The term sukigaeshigami 漉返紙 (reclaimed paper) appears often in literary works of the time, indicating paper made by soaking scrap paper and other fibers and then spreading them thinly. This method erased the previous text almost completely. Small traces of ink and even traces of characters remained, for ink dissolves and adheres to paper and it is difficult to remove it completely. This gave paper a light gray, “thin-inked” color (usuzumikami 薄墨紙). Sutra printed on such paper were called shukugamikyō 宿紙経, literally “sutras on reclaimed paper.” Since this type of paper was darker and of lower quality than new paper, it was mixed with a higher-quality paper, such as the silky textured ganpi that lends a glossy appearance, and became luxury paper. A second impression of the Kōei edition of the Lotus Sutra was printed on recycled paper of unknown provenance, which had been mixed with mica. The understanding that writing is imbued with the spirit of a person underpinned such practices, and it is suggestive that literary works use the term kankonshi 還魂紙 (lit., “paper in which the spirit of a deceased comes back” for sutra paper recycled from someone’s writings. These examples suggest that the preservation of a deceased person’s writing functioned as a primary aim for reusing written paper, for once printed with a sutra, that writing would enjoy long life with no danger of being destroyed (except by accident). It is worthy of note, though, that reclaiming paper was primarily not an emotional strategy, but a regular operation in premodern Japan. Until the fourteenth century paper recycling was run by a governmental institution, the Kamiya 紙屋, and recycled paper was routinely used by the court for bureaucratic matters, such as imperial messages.
The Yogācārabhūmiśātra is “an encyclopedic work that is the major treatise of the Yogācāra school of Indian Buddhism. It was widely influential in East Asia and Tibet, being translated into Chinese by Xuanzang between 646 and 648. Authorship is traditionally attributed to Asanga (or, in China, to Maitreya), but the size and scope of the text suggest that it is the compilation of the work of a number of scholars (possibly including Asanga).”–Buswell & Lopez, The Princeton Dictionary of Buddhism, p. 1034.
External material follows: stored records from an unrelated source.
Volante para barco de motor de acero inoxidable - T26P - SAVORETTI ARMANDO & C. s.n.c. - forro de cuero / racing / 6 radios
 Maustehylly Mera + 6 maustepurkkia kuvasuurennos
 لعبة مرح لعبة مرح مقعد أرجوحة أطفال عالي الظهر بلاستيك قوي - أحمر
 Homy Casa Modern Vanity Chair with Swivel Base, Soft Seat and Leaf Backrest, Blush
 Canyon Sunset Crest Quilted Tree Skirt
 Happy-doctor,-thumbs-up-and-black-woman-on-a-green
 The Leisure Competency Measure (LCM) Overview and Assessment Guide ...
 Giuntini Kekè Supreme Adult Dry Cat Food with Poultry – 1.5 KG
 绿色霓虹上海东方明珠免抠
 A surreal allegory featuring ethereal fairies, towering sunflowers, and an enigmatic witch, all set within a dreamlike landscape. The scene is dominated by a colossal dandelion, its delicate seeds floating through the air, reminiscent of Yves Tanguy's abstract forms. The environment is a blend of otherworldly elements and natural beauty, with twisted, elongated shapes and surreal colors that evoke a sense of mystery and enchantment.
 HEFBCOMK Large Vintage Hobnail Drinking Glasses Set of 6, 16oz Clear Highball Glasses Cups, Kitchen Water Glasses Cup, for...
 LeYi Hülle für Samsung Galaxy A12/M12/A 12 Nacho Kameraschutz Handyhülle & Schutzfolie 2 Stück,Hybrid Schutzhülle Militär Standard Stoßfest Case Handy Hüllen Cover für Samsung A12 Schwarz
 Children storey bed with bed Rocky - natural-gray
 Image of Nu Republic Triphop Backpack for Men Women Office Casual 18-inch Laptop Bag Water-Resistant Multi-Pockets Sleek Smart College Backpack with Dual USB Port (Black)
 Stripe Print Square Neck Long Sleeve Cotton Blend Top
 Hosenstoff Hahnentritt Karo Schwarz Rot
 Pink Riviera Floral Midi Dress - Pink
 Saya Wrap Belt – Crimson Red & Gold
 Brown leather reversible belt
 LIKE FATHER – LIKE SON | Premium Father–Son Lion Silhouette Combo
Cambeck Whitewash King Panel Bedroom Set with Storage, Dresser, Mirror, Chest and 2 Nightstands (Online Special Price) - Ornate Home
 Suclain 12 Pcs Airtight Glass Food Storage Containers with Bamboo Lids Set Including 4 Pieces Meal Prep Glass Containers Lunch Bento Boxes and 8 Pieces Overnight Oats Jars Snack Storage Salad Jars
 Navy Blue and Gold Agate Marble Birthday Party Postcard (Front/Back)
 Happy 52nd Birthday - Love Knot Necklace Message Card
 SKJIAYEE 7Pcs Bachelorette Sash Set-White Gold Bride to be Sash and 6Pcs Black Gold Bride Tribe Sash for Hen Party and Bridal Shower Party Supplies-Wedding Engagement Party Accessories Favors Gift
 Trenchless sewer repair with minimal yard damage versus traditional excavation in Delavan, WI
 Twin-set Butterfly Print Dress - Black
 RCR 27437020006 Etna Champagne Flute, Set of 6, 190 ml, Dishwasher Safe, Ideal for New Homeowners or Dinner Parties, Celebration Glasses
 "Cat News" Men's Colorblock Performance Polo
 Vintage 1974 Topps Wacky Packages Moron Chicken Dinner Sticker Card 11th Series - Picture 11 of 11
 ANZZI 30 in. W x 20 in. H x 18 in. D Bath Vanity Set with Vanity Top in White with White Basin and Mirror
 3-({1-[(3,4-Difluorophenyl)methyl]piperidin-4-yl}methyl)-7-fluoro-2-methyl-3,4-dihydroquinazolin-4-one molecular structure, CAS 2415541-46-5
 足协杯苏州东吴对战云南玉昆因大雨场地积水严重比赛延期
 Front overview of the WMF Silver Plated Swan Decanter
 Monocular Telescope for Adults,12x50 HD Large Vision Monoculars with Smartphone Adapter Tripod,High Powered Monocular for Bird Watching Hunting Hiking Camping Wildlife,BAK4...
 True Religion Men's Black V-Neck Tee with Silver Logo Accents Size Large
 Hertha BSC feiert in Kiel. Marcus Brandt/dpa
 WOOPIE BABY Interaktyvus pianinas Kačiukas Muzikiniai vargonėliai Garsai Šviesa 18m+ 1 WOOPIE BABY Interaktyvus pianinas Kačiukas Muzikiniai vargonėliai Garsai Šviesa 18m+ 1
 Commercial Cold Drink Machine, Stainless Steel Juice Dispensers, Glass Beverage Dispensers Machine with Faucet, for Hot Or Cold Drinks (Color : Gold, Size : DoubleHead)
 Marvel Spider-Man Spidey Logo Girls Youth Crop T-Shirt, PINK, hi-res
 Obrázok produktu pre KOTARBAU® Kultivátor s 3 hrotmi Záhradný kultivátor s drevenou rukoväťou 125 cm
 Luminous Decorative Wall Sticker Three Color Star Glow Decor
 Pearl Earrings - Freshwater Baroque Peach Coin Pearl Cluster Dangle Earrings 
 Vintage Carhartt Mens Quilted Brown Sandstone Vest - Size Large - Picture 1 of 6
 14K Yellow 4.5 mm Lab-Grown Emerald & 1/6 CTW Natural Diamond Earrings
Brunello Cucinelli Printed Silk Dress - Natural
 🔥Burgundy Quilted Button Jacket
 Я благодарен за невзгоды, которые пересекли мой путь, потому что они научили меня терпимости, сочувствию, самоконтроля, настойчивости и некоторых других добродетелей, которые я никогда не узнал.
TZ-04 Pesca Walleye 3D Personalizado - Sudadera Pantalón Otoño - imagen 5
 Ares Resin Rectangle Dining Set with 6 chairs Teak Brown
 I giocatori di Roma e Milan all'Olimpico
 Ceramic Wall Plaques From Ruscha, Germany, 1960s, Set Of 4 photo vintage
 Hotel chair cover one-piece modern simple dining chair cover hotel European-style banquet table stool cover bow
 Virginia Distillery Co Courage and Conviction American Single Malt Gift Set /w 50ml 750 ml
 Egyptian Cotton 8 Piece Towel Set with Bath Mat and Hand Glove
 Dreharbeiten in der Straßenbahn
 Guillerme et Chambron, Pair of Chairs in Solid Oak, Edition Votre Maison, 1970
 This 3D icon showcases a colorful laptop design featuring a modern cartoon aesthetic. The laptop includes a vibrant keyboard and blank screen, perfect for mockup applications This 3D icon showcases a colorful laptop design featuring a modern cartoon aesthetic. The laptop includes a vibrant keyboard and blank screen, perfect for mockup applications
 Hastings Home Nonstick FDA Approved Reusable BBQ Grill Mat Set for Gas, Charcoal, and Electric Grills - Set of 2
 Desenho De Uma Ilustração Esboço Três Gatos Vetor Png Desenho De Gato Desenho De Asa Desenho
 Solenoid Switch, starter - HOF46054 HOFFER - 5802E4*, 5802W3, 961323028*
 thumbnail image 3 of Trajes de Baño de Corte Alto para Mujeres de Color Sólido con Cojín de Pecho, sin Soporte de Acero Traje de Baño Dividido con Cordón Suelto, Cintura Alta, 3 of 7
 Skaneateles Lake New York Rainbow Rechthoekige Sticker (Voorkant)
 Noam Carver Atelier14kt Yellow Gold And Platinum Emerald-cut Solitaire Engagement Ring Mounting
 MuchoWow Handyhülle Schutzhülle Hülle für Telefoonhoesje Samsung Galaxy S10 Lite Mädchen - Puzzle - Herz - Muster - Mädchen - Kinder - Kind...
The translator, Xuanzang (600/02-64), was a Chinese Buddhist pilgrim, monk, scholar, and patriarch of the Chinese Yogācāra tradition. Along with Kumarajiva (344-413), Xuanzang was one of the two most influential and prolific translators of Indian Buddhist texts into Chinese. In 627, he embarked on an epic journey to India, where he studied Sanskrit, and returned to China in 645 with over 600 Sanskrit manuscripts in his luggage, along with images, relics, and other artifacts. Settling in the Tang capital of Chang’an, he established a translation bureau, where he oversaw a team of monks who transcribed the texts and, in the process, made translations, polished the renderings, clarified texts, and certified both their meaning and syntax.

In fine condition, preserved in a modern wooden box. Our copy is quite wormed but has been extremely skillfully repaired throughout.

❧ K.B. Gardner, “Centres of Printing in Medieval Japan: late Heian to early Edo period” in British Library Occasional Papers 11. Japanese Studies (ed. by Yu-Ying Brown), London: 1990, p. 159–”The term Kasuga-ban became used more loosely, in a wider sense, to denote publications of the Nara monasteries in general, not only of the Kōfukuji. The printing of Kasuga-ban in this broader sense flourished throughout the Kamakura period and up to the end of Muromachi (ca. 1570).” Gardner, Descriptive Catalogue of Japanese Books in the British Library Printed before 1700 (1993), no. 137 (part 77 in scroll format, printed on “white” paper).